The Fresh Loaf

News & Information for Amateur Bakers and Artisan Bread Enthusiasts

Dry Active Yeast

  • Pin It
jmpjd's picture

Dry Active Yeast

I have recently tried my hand at baking bread. I've started with a couple of easy ones; no knead artisian and english muffin bread. My question is: both such recipes (and all the variations on them that I have seen) say to wisk the dry active yeast in with the other dry ingredients and then add the warm wet ingredients. Doesn't the dry active yeast have to have a chance to bloom before everything gets mixed together?

I wonder about this because with both of the above-mentioned recipes my bread, although it looks and tastes pretty good, always comes out more dense than I think it should, at least based on the pictures that accompanied the recipes. At the same time, the dough does not seem to rise consistently (all other factors being equal).

Thank you in advance for any advice.


gaaarp's picture


Welcome to TFL and to bread baking! You'll find a ton of information here, as well as people who know bread and are happy to help.

Are you sure your recipes called for active dry yeast rather than instant yeast? Active dry yeast is generally proofed in warm liquid before being added to the dry ingredients.
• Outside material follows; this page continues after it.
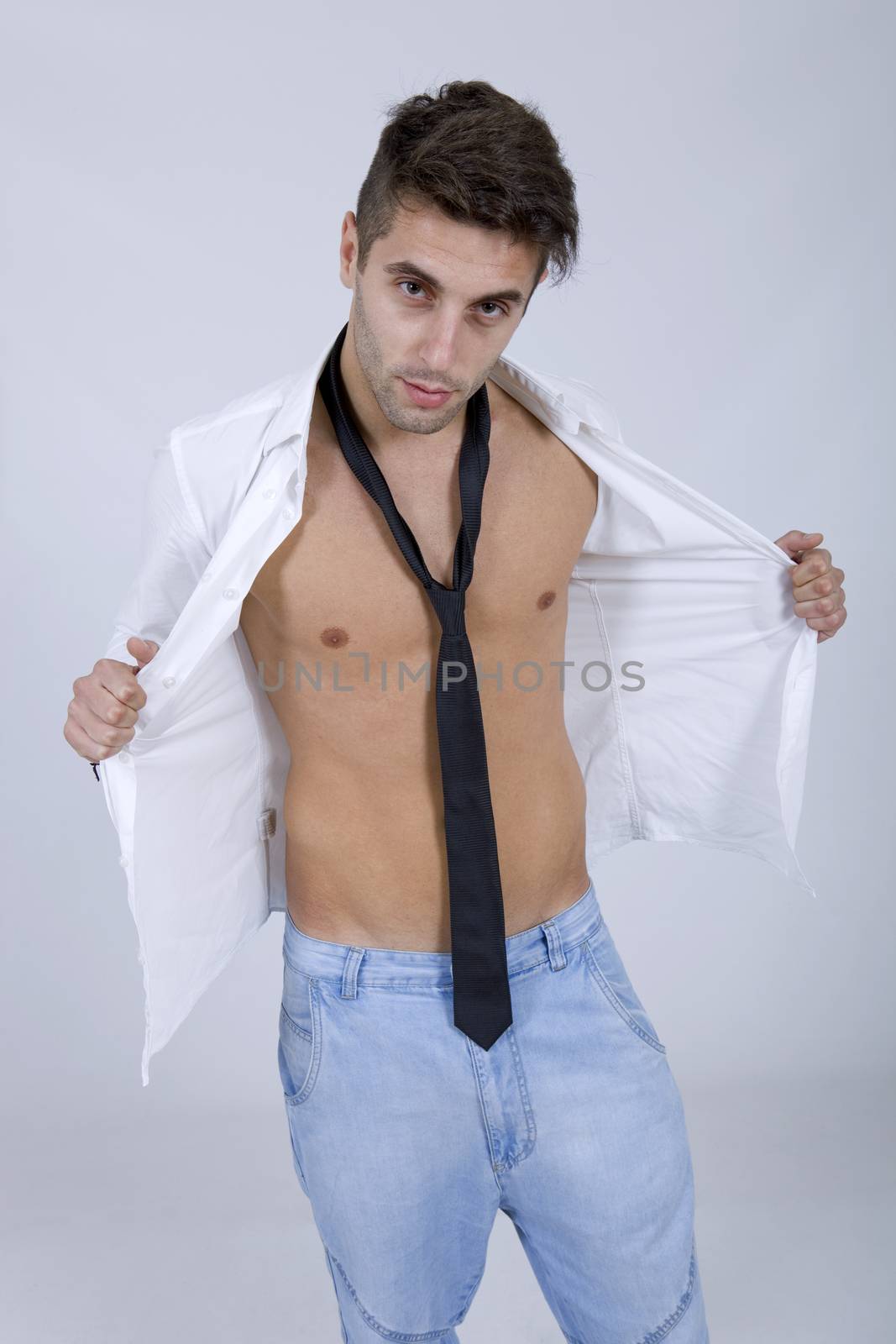 young sensual casual man portrait on a grey background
This gives the yeast a chance to "wake up" and also assures the baker that the yeast is good.

Instant yeast, on the other hand, does not have to be activated. It can be mixed with the dry ingredients, as your recipe suggests.

If you have active dry yeast but the recipe calls for instant, never fear. Check out this yeast conversion chart.


flournwater's picture

All things being equal, I endorse the practice of "blooming" active dry yeast.  Although I do sometimes just mix the ADY with the other dry ingredients, taking time to allow it to develop independently works better (for me) than the dyr mix method.  However, there are other reasons why a finished bread may not be as light and delicate as we might expect so while you may see the yeast and its development as suspect, don't be too quick to declard it guilty until you've examined the rest of the process.

Chuck's picture

Doesn't the dry active yeast have to have a chance to bloom before everything gets mixed together

"Dissolving" the dry yeast in liquid before mixing it in was uniformly recommended decades ago, but...

There's a new manufacturing process producing a subtly new kind of yeast. "Active Dry yeast" and "Instant Yeast" (in some brands the same as "Bread Machine Yeast") aren't the same thing. "Instant Yeast" has only been easily available in the last couple of decades. Most folks consider it superior in every way  ...and almost uniformly it's recommended to mix it in with the other dry ingredients without dissolving it first.

Even the old "Active Dry Yeast" can be mixed in with the other dry ingredients (I do it all the time:-). It takes a little longer that way, which nowadays is usually considered an advantage since more time means more flavor. In the past where recipes tried very hard to be as fast as possible, not pre-dissolving the yeast was considered a distinct disadvantage, so much so that you'll now often hear that "Active Dry Yeast" has to be dissolved (but it really doesn't).